The task graph encapsulates the behaviour of the program at a high level. Essentially, every submission on the queue is represented by a task, and dependencies are computed based on each task’s accessor specification. In the lower-level command graph, task executions are split up for each GPU, and the required commands for transfers are also generated. Therefore, the number of nodes in the command graph is generally larger than the task graph by a factor of at least O(N). These commands are finally executed on a set of parallel execution lanes.

Summary

While Celerity can be considered a task-based runtime system, its default mode of operation differs significantly from the more common approach taken, particularly in distributed memory settings. Instead of leaving the choice of how to split work or data fully or partially to the user, the Celerity approach is to consider each data-parallel computation as a single splittable task. The runtime system is provided with sufficient information, primarily by means of accessors and their associated range mappers, to split these tasks in various ways and distribute them across the cluster.

Data State Tracking

From a theoretical point of view (in practice, custom acceleration data structures are employedFootnote 2), the runtime system has to track the state of each individual data element, in order to be able to build a data dependence graph and construct the necessary transfer commands. These data structures—one for each buffer managed by the runtime system—track the last operation which wrote to any particular data element. As such, they need to be updated for each write access requested by a program, and are queried whenever read access to a buffer is required by a kernel. The performance of these operations is thus crucial to the overall efficiency of the runtime system.

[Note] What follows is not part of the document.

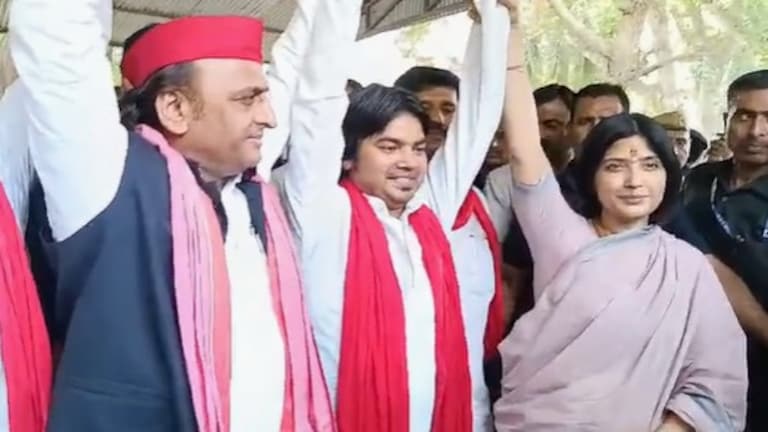 इधर मैनपुरी से मायावती ने काटा टिकट तो उधर नाराज नेता जी ने थामा अखिलेश का हाथ, कह दी बड़ी बात UP Tak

For data access patterns common in many physical simulations and linear algebra, the number of individual regions which need to be tracked generally scales with the number of GPUs in the system, as all elements are replaced in each successive time step or iteration of the algorithm. In these cases, distributed command graph generation [12], which only locally tracks the perspective on the total system state which is required for the operations on one node, is highly effective and can scale up to thousands of GPUs. However, it can not mitigate tracking data structure growth with some more complex access patterns, or when the user application generates a very large number of tasks operating on individual portions of the same buffer.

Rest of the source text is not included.